The Hammond organ is a hardy instrument, having weathered waxing and waning popularity since pioneers like Fats Waller and Bill Doggett brought it prominence as a viable jazz voice. Still, the number of players who opt to apply it to adventurous settings remains relatively few compared to the legion content to toe the line of convention. Saxophonist Dan Pratt and organist Jared Gold choose the less traveled path on this second disc by Pratt’s working quartet. Gold is an important part of a recent release by guitarist Jeff Stryker also reviewed in these virtual pages.
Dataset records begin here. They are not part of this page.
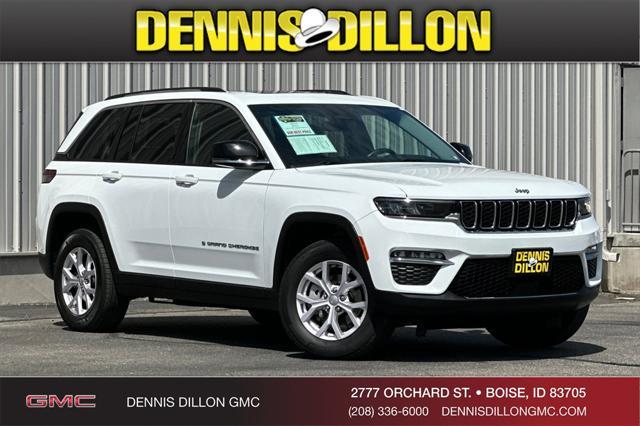 2022 Jeep Grand Cherokee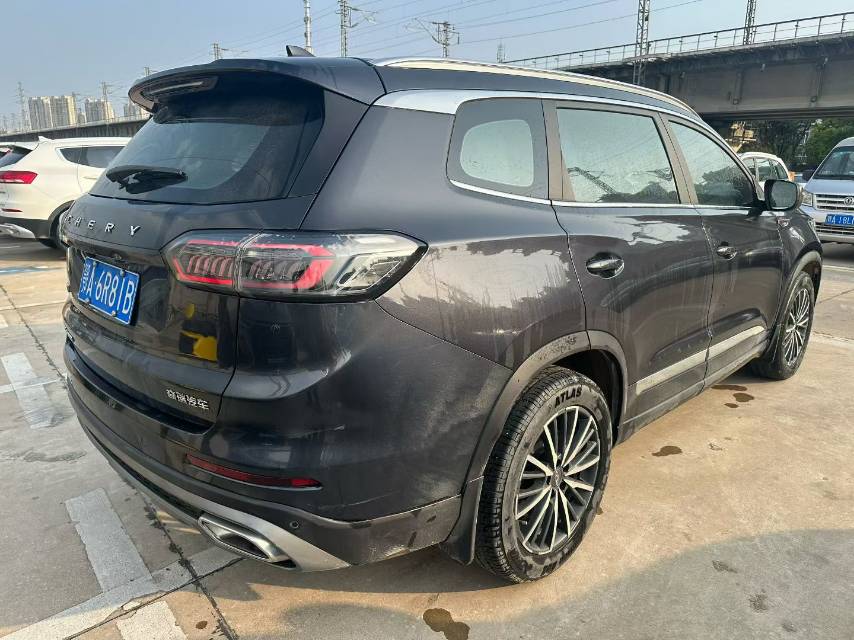 Chery 2022 Tiggo 8 PLUS 1.6TGDI 290TGDI Haoqing Edition+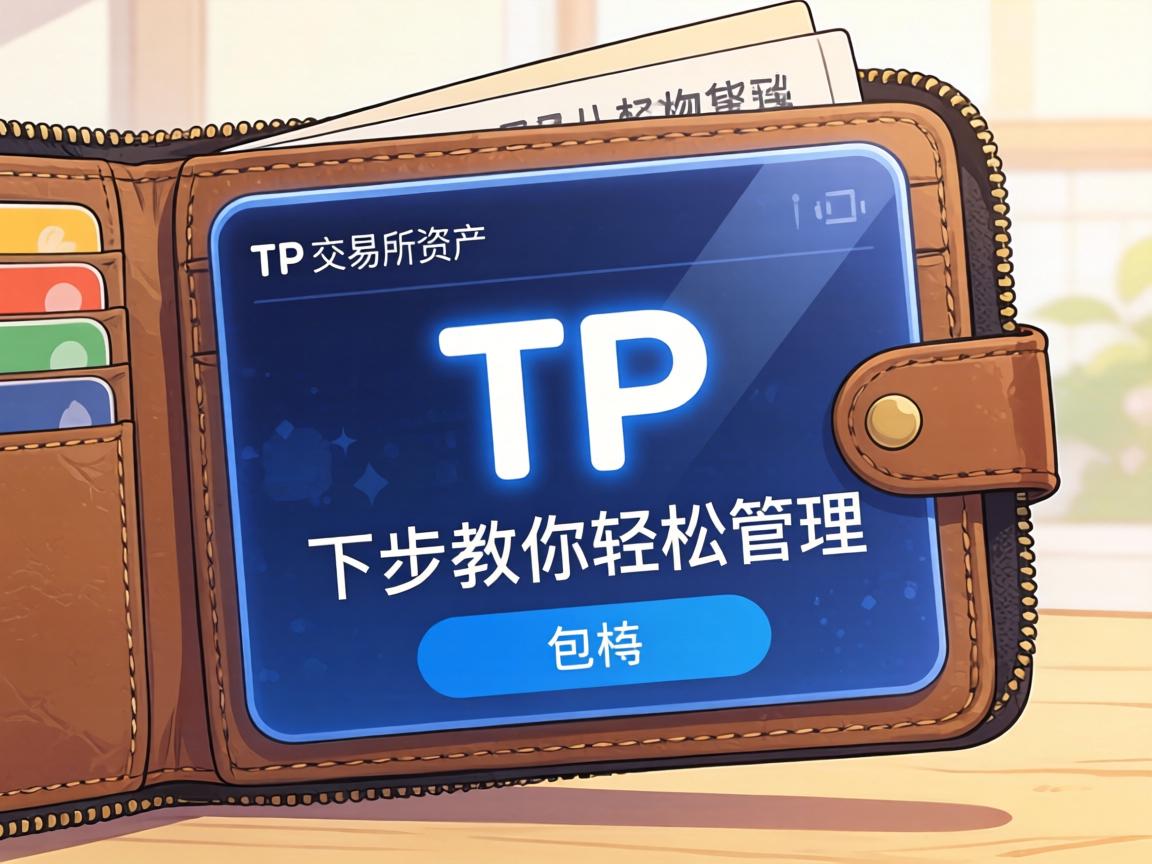 TP钱包中如何显示交易所资产，一步步教你轻松管理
The difference in his playing in that context compared to here is instructive as to just how well Pratt is able to press the best from his partners by giving them plenty to work with.
Pratt’s writing for the band is its principal asset. Each of the nine originals brims with ideas and novel avenues for execution. “Houdini” and “Minor Procedure” work of tightly wound heads and bright, bustling rhythmic structures. Gold builds throbbing bass lines and whirring fills that make the most of his instrument’s variable tone settings. “Wanderlust” opens with syrup-thick sustain and weirdly warbling effects that instantly place the tune apart. On “Star Crossed Lovers” and the closing “After” Gold traffics in luminous, church-appropriate swells that resist tipping over into treacle. The Brothers Ferber, Alan on trombone and Mark on drums, complete the band and are equally essential to the constantly shifting sound that reflects the players in nearly all manner of component groupings. Alan works like the cooling balm preceding the burning heat of Pratt’s improvisation on “Dopplegänger”, his rounded lines transmitting with an almost tactile smoothness.
Other pieces in the program cover different bases from the rock-inflected patterns of the title piece that works off another monster snaking bass line from Gold and a string of dynamic drum breaks to the vaguely Latin groove of “Stoic”, which again features the unflappable ingenuity of the drummer’s textured stick play. Trading in humor and tradition, “Uncle Underpants” gains momentum as a spiraling Pratt-penned head irons out into a stomping funk vamp. Ferber’s malleable backbeats soon reach street band fervency and he virtually steals the track with a galloping extended break. Pratt and his colleagues have been gigging quite regularly and the multiple merits of this release are certain to extend that employment streak. It’s a set custom-designed for skeptics who consider organ dates strictly old hat.